• Ezra Laderman
  • Concerto for Bass Clarinet and Orchestra (2001)

  • G Schirmer Inc (World)
  • 2222/422+btbn.0/timp.4perc/hp.cel/str
  • Bass clarinet
  • 17 min

Programme Note

Composer Note:

I have written a Cello Concerto for Yo-Yo Ma, a Flute Concerto for Jean-Pierre Rampal, a Violin Concerto for Elmar Oliviera, a Piano Concerto for Emanuel Ax, and a String Quartet Concerto for the Alard. The Concerto for Bass Clarinet and Orchestra, written this past year for Richard Page and the Pittsburgh Symphony, is unique among the Concertos I have composed.
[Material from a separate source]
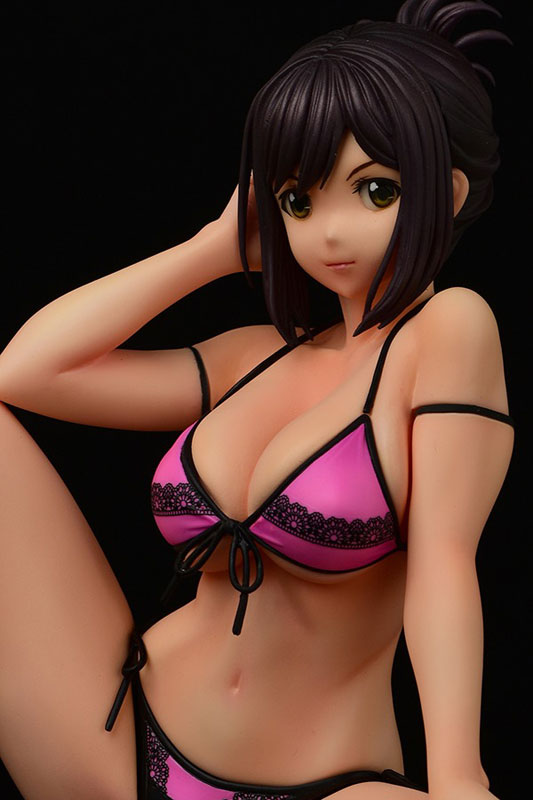 f:id:moetaku:20211203203244j:plain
It is the first time that I have written a Concerto for a member of the orchestra that is not typically considered a solo instrument.

Over the last decade I have written a number of works that included a substantial role for the Bass Clarinet. When the opportunity came for me to write a concerto for the instrument, I was thrilled. With subtle nuances and coloristic individuality, the Bass Clarinet can be tempestuous and tender, ethereal and driven. The Bass Clarinet has three very distinct registers—the deep resonant, profound bottom, a middle that can be warm and pliant, and a top that is brilliant with an electric quality. The extraordinary registers, the unique and wonderful sound that it produces, the amazing flexibility it possesses, and its ability to convey a different kind of expressiveness greatly appealed to me.
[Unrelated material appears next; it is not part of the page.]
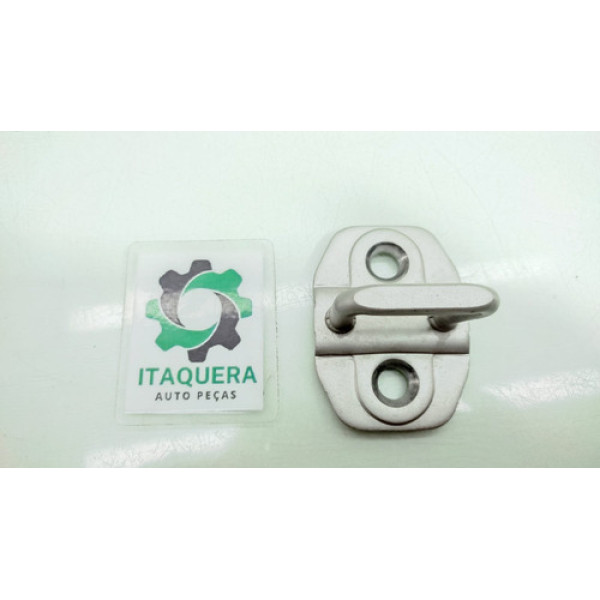 Batente Porta Jeep Compass Ano 2022 2023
With the above very much in mind, the work is conceived on three levels. At one plane, the Bass Clarinet is front and center, commanding the stage. At another level, it interacts within the ensemble playing a distinctive but collaborative role. On the third plane, the clarinet is part of the aggregate force helping to shape the evolving score. The interaction, transformation and variants are what will project the work forward. The concerto emerges out of two highly contrasting ideas: a gentle lyric line heard at the very beginning, followed twenty-three measures later by a taught, five-note motive.

For the first time, I have written a Concerto in a single movement. It could be called a Concerto-Fantasy. The give and take between the lyrical and dramatic and what comes in between give the Concerto a fantasy-like sheen. And the work clearly has as its protagonist the soloist… the Bass Clarinet.